You will also need two squeeze bottles such as the ones used to sell dish soap to hold dilute bleach and water to sterilize pruning blades. You need light weight machine oil for the shears. A fishing-tackle box is good for toting small tools around the garden.
Plant Supports, Wheelbarrows, Hoses, Sheds and Earmuffs
To silence power tools, get sound deadening earmuffs, available at local
hardware stores.
To keep plants off the ground, use metal Tee stakes, galvanized metal pipe,
rails, conduit, or rebar, metal cages, metal trellises, and metal wire. Cut
the wire using pliers with wire cutters or the wire hook on Felco. Pound
metal stakes or pipe, with a short handled sledge or maul. Aluminum wire
(sold as electric fencing at Home Depot) works well to hold up plants that
must be frequently retied over the years.

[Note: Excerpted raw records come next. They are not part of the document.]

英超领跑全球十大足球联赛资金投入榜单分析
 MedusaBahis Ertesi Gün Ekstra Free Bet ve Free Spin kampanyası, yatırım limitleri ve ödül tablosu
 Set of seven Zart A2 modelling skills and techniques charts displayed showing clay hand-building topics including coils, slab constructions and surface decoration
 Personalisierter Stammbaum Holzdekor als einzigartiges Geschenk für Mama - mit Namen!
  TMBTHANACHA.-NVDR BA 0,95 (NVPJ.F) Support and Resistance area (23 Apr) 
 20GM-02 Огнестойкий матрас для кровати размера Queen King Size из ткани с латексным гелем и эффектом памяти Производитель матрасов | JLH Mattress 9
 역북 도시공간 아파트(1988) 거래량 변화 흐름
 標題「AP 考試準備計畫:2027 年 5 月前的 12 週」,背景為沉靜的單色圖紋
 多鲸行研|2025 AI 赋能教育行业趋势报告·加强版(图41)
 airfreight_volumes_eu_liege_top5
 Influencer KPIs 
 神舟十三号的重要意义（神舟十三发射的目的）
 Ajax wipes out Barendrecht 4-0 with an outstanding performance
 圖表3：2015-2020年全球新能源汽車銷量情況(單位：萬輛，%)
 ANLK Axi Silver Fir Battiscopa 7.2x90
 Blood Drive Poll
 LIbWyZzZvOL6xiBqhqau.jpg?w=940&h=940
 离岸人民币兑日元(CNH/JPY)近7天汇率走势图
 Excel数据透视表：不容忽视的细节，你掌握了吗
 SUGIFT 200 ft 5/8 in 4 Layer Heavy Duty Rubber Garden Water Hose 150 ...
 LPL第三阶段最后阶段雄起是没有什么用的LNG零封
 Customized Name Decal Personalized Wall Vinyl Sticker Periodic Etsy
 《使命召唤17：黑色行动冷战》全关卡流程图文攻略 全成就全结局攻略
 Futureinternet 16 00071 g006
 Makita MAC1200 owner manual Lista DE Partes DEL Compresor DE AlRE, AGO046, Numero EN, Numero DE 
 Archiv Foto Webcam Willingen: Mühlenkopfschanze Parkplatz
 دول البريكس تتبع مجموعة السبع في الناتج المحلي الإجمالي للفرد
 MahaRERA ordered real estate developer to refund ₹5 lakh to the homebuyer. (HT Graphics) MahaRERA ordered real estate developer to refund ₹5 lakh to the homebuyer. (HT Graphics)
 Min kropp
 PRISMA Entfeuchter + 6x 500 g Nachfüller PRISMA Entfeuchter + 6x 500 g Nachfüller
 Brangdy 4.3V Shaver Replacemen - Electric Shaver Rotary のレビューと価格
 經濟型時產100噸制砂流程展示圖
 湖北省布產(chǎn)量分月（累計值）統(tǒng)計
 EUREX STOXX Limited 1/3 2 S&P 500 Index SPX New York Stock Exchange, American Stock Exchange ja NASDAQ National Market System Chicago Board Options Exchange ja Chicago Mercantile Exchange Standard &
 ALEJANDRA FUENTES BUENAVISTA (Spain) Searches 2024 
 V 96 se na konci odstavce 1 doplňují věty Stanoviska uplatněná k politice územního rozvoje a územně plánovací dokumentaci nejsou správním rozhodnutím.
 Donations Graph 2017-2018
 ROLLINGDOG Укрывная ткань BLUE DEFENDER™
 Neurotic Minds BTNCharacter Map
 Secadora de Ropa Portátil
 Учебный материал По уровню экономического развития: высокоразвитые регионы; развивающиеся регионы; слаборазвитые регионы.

To carry hay and other things, a construction grade metal wheelbarrow is
best. Cheaper models will die quickly.
The best watering hoses are 100% rubber – I’ve found them at
Sears and Southwest Fertilizer as well as at Peaceful Valley Farm Supply
online. They will outlast nylon by years, not crimp, be less aggravation,
and therefore justify their 40% higher cost. Fan nozzles are best for watering.
A moisture probe that you can stick in the ground or in a pot to gauge soil
moisture can be useful.
A garden shed is nice. Wooden ones on concrete blocks are the most durable,
but beware of arsenic treated wood.
Frost Protection Devices
Most winters, you will do fine if your plants are hardy to 23˚ F, and you can get nearly anything through lower temperatures if you cover them well with boxes, pails, dirt, hay or blankets or some combination of these. In 1983, I got two satsuma orange trees through the worst cold spell in history by keeping a five gallon bucket of warm water next to the trunk and wrapping a sleeping bag around trunk and bucket. In 1989, I got a small dwarf orange under an overhang through 12 hours below 15˚. I put a Wall O’ Water (a ring of water tubes) around the trunk, a trashcan over the tree, and a cloth over the can. Only the top twig was damaged. Wall O’ Water can be found at several online retailers.
Wall O’ Water works well on any small plant, protecting to 10˚,
but they are also unstable, not very durable, and unsuitable for tall plants.
Much better is a more expensive hard plastic device: the Aqua Dome.
The Aqua Dome is a one-piece, double-walled, very durable cylinder. It works
quite well on all sorts of spring vegetables. It can be purchased online
at Winged Weeder.
Although these seem costly, I have found them well worth the money. If you
get rapid growth from tomatoes and once they are high other later spring
vegetables because of nighttime warmth in February March and April, you can
easily get an extra 10-20 pounds of vegetables. Since this device allows
frost protected planting and night warmth provision in the spring for all
sorts of vegetables, it probably pays for itself in extra vegetables within
a year or two. If Aqua Domes are not left out in the sun once they no longer
are in use, they probably have a life span of a decade or more. I left an
Aqua Dome out one summer, and found the plastic to get brittle. Aqua Domes
kept inside are now five years old without sign of wear.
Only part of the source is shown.